I have to say, again, that these last few weeks in our current home are dragging. I knew they would. Maybe I should have told myself they would fly by. Maybe by "knowing" that they would drag, I am making them drag. I fully believe it is our perceptions that define situations more so than the reality of those situations.

I think this is a test to see how well I can live in the present, rather than that magical future several weeks away. I keep telling myself, once we get into the new house, I'll have help in the Etsy shops. I'll be able to stay on top of so many things that I can't right now. I am so telling myself that once this thing happens, everything will be right in my world.

How's that for setting myself up for a let down? Certain things will have the potential to be much better. The shops ought to be better managed with two people putting their efforts toward that goal. Makes sense. But there will also be a 4-year old interjecting herself into the process, and if I don't just accept that as part of the new way of life, I'm bound to be disappointed each time it happens.

One thing I know will be different: I will have more time to create new art. Okay... I don't know that. And really, I know from experience that every time in the past when I have thought that a change being made would lead to more creative time, it has not panned out. But I am hopeful anyway.

Hopeful is good, right? As long as I don't base my happiness on any of these positive changes I expect to happen actually happening. It's hard not to do that, but I have to be okay with the positive changes not taking place, too.

One of the things I learned over the last two years was not to judge situations. If you judge a situation as bad, it will be bad. If you judge it to be an obstacle to what you really want, it will be an obstacle. Saying I have learned it and actually practicing it all the time are two different things. Many times I have lamented our current living situation. Too small, too noisy. No room for a home studio. Etc., etc. But there have been many good things about it as well.

I have seen that living situation as the biggest obstacle to taking the next step, to taking my business to the next level. But I have also seen it as the very thing that has made taking that next step possible. It has been both, depending on how I felt each day.

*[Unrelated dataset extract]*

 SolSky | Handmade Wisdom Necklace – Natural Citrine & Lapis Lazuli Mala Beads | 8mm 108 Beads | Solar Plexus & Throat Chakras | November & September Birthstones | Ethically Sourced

Now, after 3 years of waiting, this situation that I struggle not to judge each day will finally change. If I can just make it through the next few weeks. I'd like to imagine that the new situation will be so great that I won't feel compelled to judge it on a daily basis, that when we sign those papers, get those keys and set foot in our new home, all obstacles to what we want from life will disappear. But that's judging the situation. Instead, I need to accept that no matter what the situation, even if it seems an interminably long wait or new living arrangements that don't live up to my lofty expectations, that is exactly where we are supposed to be. And all the obstacles will disappear.

1 comment:

Pattern and Perspective said...

I do the same, set myself up for a let down. I think people do that in order to not get too worked up about something that could prove an awesome change or whatever...but sometimes, as humans, we all know things don't work out that way. I'm sure you'll be fine and you'll get through these last few wseeks okay. You're an artist, just take a trip to an imaginary world until the time comes (3/4 weeks) to emerge back into the real one.